# How do I disable ON Star and the GPS system?



## maven (Feb 27, 2011)

You cant remove the system without fabricating a wiring harness, the car wont run if you do.
The module itself is in the dash, to the right of the glove box. its buried in there pretty good, standing on its end.
Pulling the fuse (F1DA I believe) is all you need to do to disable it.


----------



## rmsls1 (Aug 10, 2011)

I am not sure where the F1DA fuse is located. Would it be labeled in the fuse box area? 

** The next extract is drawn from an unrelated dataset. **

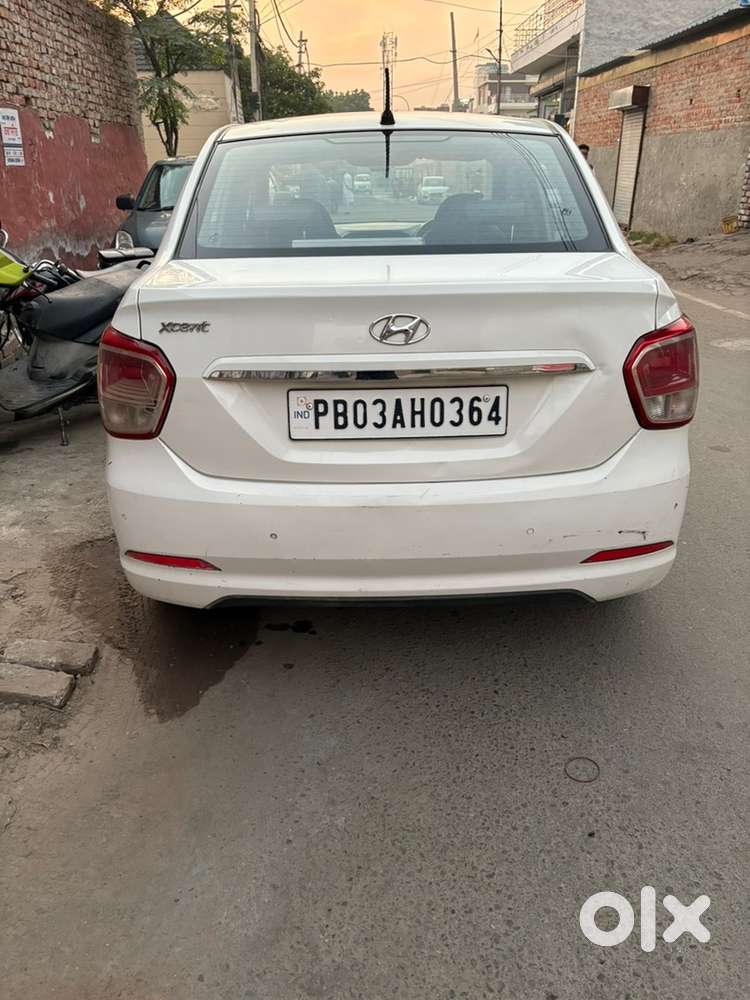 Hyundai Xcent 2014 Diesel 116825 Km Driven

Also how, can I tell if it really is disabled. Will the green light on the mirror not be on? I will check the fuse location today. I do not feel I need to remove the box, just disable it. 

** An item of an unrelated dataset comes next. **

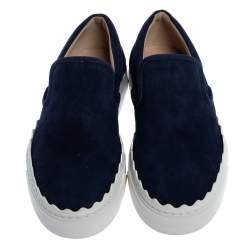 Pre Owned حذاء رياضي كلوي سليب أون متعرج سويدي أزرق فاتح مقاس 36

This all started when ONSTAR wanted over $360 + "applicable taxes"per year to run the system I never wanted. They have refused, per my instructions, to cancel my service immediately, but are continuing to keep it on for the "free period". 

This is want I did not understand when talking to them. I am forced to use a system, I do not want and do not want to pay for. Humm?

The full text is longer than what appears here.